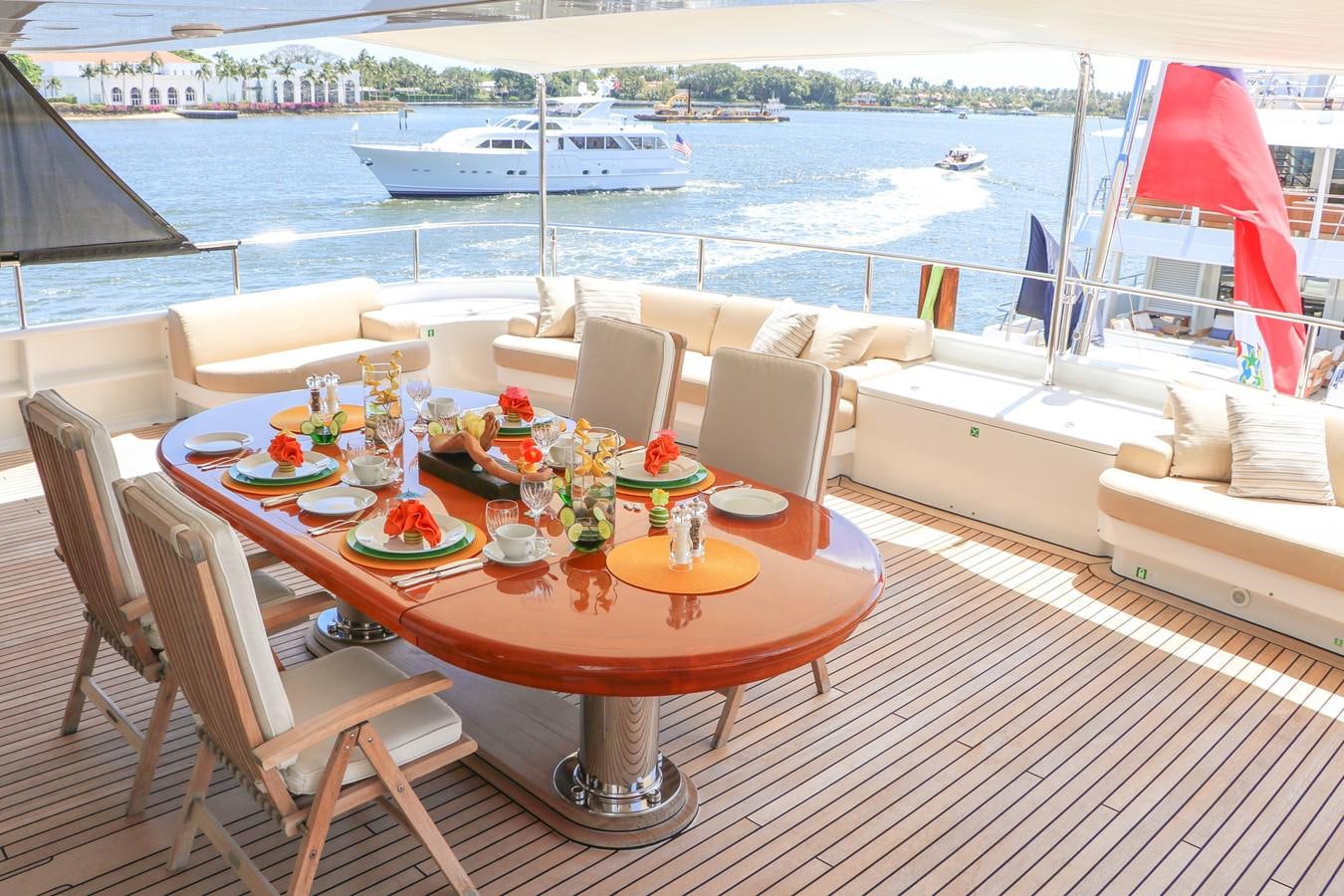 a table set for a meal on a deck overlooking a large body of water aboard TE MANU Yacht for Sale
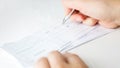 Man filling banking cheques for monthly payments and taxes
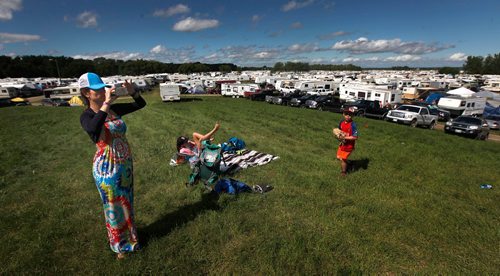 PHIL HOSSACK / WINNIPEG FREE PRESS  -  Festival goers and the temperature both heated up as the sun came oput Friday afternon at Dauphin's Country Festival. Christina Rose gets a panoramic shot of the "aluminum" village surrounding a smal knoll near the main stage with her daughter Elizabeth 11, and son Kaleb 6. The family's making a cross Canada road trip this summer and planned the Country Fest stop well in advance.  Keith Urban takes the stage at ten tonight.   -  June 30 2017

Assignment –
Leave every picture out. Retype the remaining data exactly.

Answer box –
 a table set for a meal on a deck overlooking a large body of water aboard TE MANU Yacht for Sale
 Man filling banking cheques for monthly payments and taxes
 PHIL HOSSACK / WINNIPEG FREE PRESS  -  Festival goers and the temperature both heated up as the sun came oput Friday afternon at Dauphin's Country Festival. Christina Rose gets a panoramic shot of the "aluminum" village surrounding a smal knoll near the main stage with her daughter Elizabeth 11, and son Kaleb 6. The family's making a cross Canada road trip this summer and planned the Country Fest stop well in advance.  Keith Urban takes the stage at ten tonight.   -  June 30 2017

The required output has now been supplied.